Nowadays, translation has been greatly facilitated by technological aids called CAT or Computer Aided Translation.
By Lorena Pizarro
April 17, 2020
Not So Easy
However, everyday documents are much more complex than they were before. Back then, when you read a book, newspaper or magazine and it was a set and permanent medium. Nowadays in the digital world, everything we see is WYSIWYG (What you see is what you get) but not so easy, because behind each text there is a huge deal of hidden code.
For example, you see a web page like this:
But, in reality there is a ton of code behind.
In other words, to preserve the style, font, size, color and other attributes such as links, references, etc., the translator must be very careful not to interfere with hidden codes. The final translation must be exactly like the original but in the target language. Links, style, font size, colors, or anything the original author decided to include should not be altered.
To respect these codes, it is necessary to have specialized software that extracts only the text to be translated and presents it to the translator so that it can be viewed, translated and entered without altering any code.

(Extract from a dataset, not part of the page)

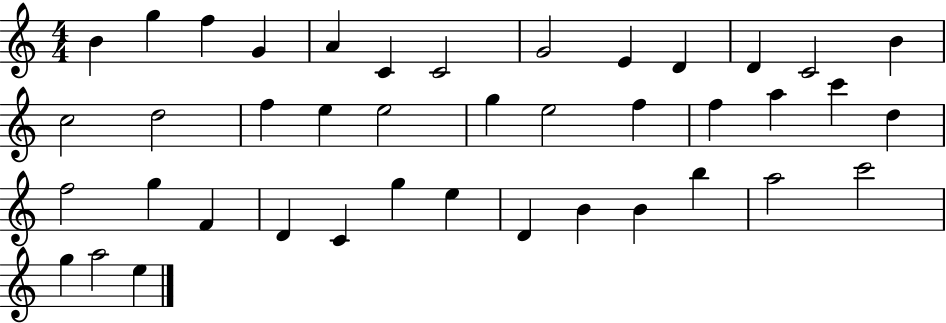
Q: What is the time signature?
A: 4/4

The result is an impeccable translation, with the look 'n feel of the original.
Another advantage is that when using this software, translation memories (TM) are created that allow you to store all the translated segments with their respective original source text. This means that the client can now request to change any segment without having to pay for the entire translation again.
For example, in a contract, the Legal Department changes the start, receipt and delivery dates and some paragraphs. The client requests a new translation, but the entire document is NOT invoiced. Only the number of new words that were translated is billed. This is a lot more honest than before.